:: Given data
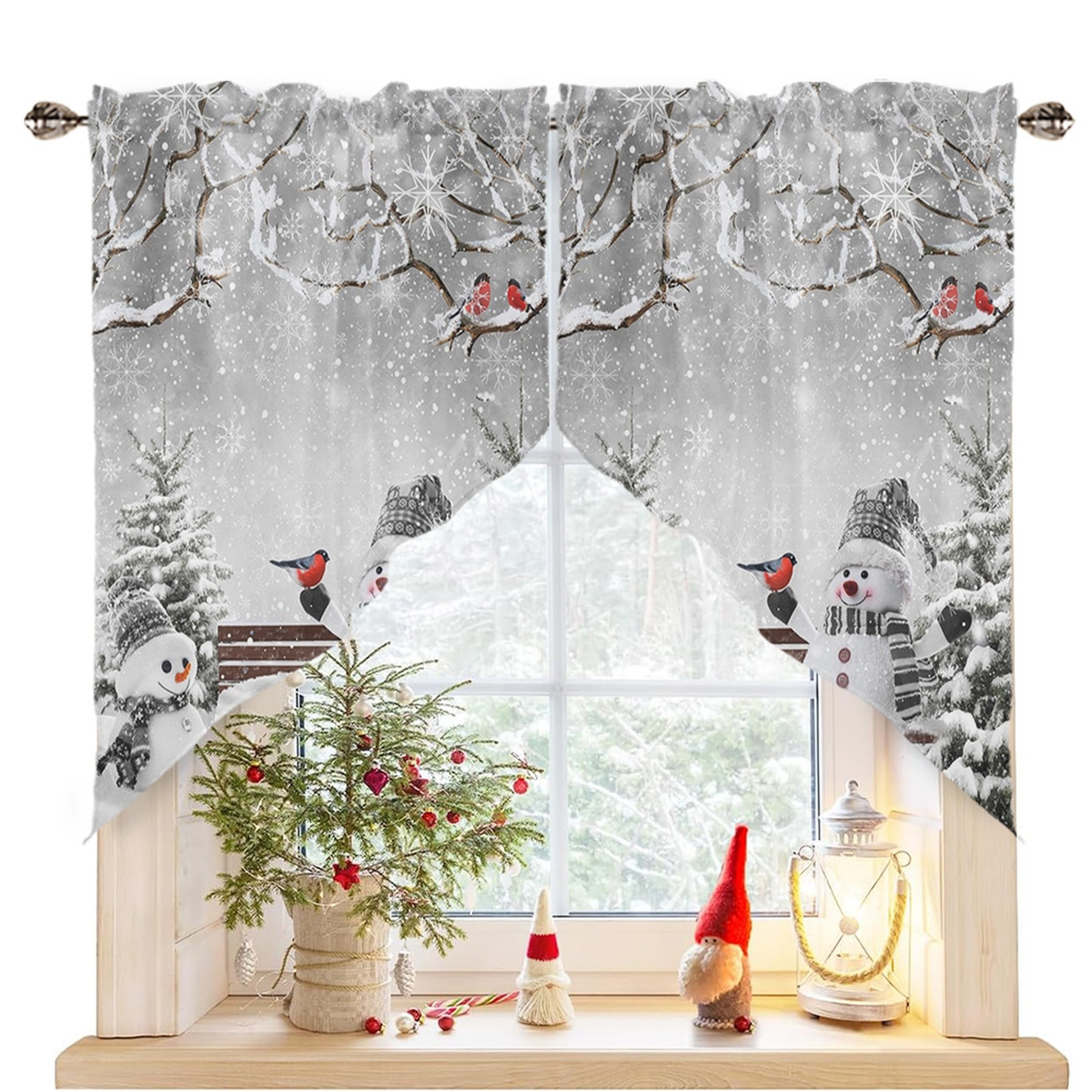 TEMU 2pcs Of Triangular Polyester Machine-washable Small Curtains, Featuring A Modern Minimalist Style With Snowman, Snowflake, And Bird Patterns,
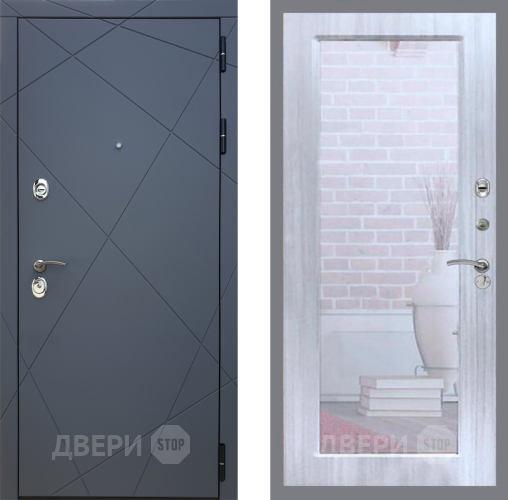 Входная металлическая Дверь Рекс (REX) 13 Силк Титан Зеркало Пастораль Сандал белый в Чехове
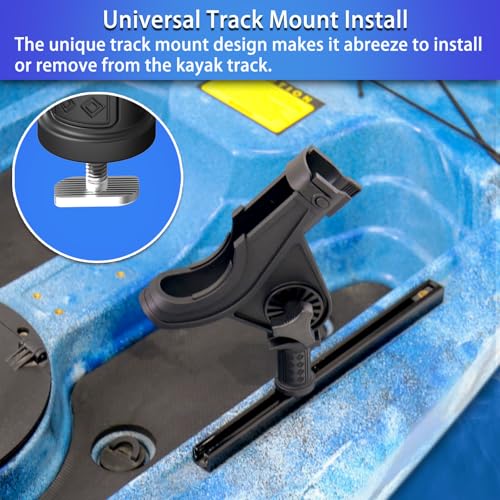 Kayak Track Fishing Rod Holder with Rubber Strap - Pack of 1 - Adjustable & Easy Install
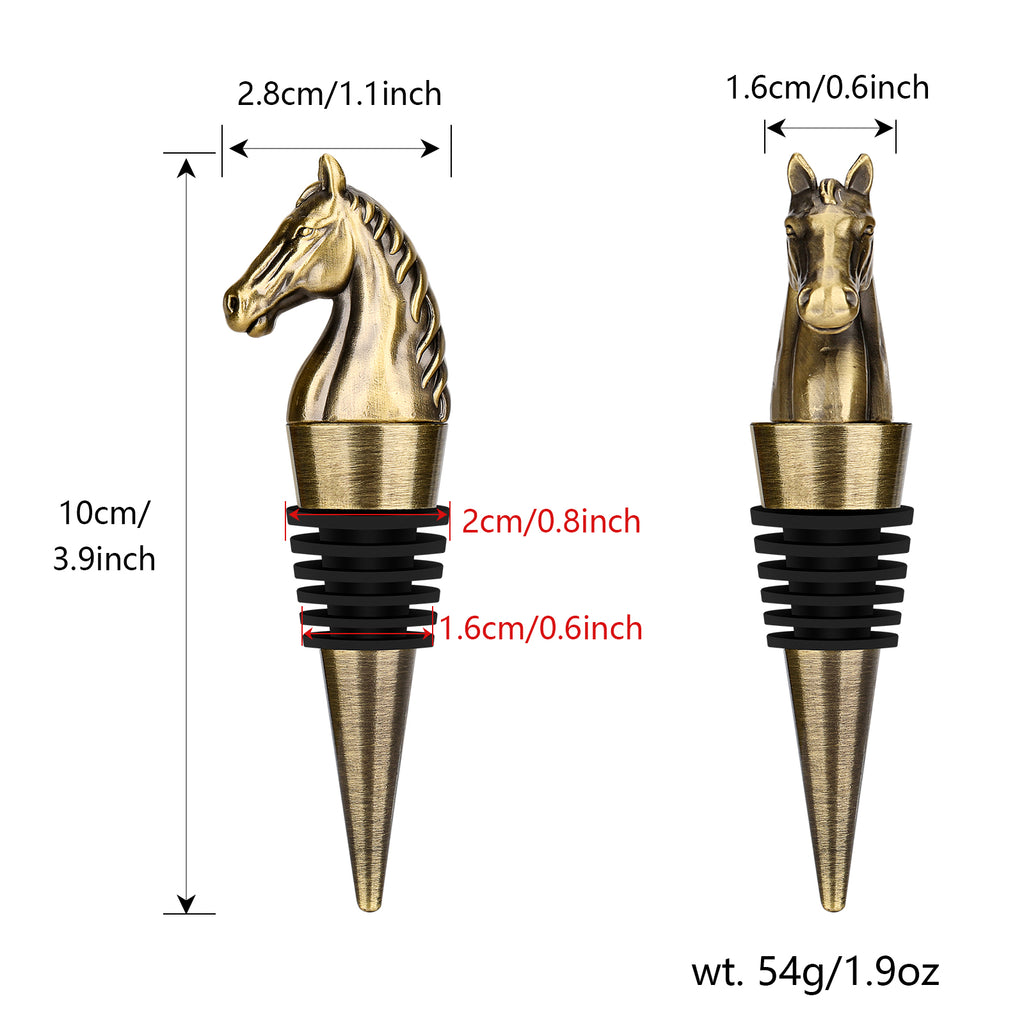 Bronze horse head wine stopper size diagram, 10 cm tall, 54 g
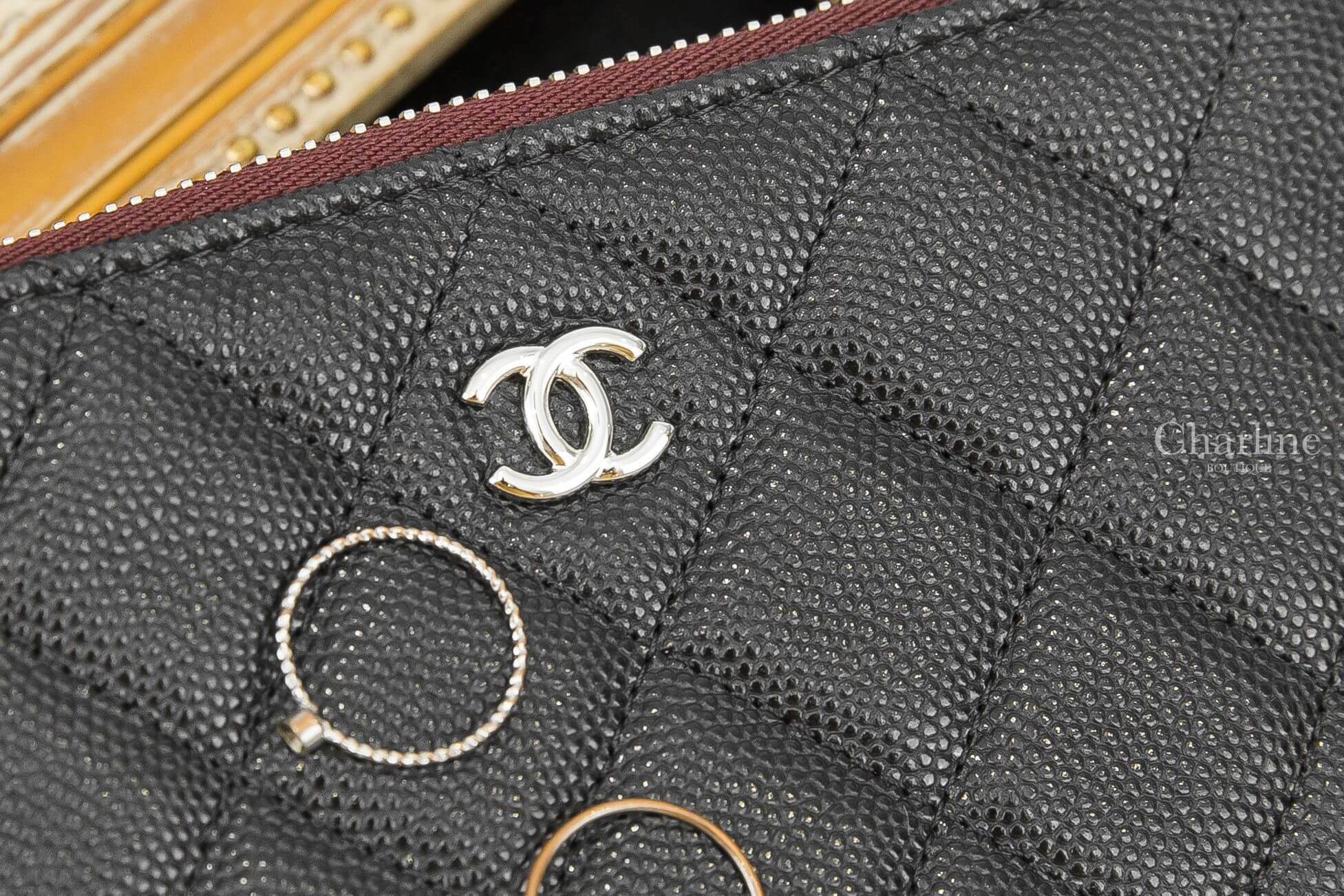 Chanel Classic Mini Pouch 黑色銀CC酒紅內裡荔枝菱格紋拉鍊零錢包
::::
Please set down only the lines from the one containing "Kayak Track Fishing" through the end of the entries, exactly as they stand, both ends included and with no pictures.

 Kayak Track Fishing Rod Holder with Rubber Strap - Pack of 1 - Adjustable & Easy Install
 Bronze horse head wine stopper size diagram, 10 cm tall, 54 g
 Chanel Classic Mini Pouch 黑色銀CC酒紅內裡荔枝菱格紋拉鍊零錢包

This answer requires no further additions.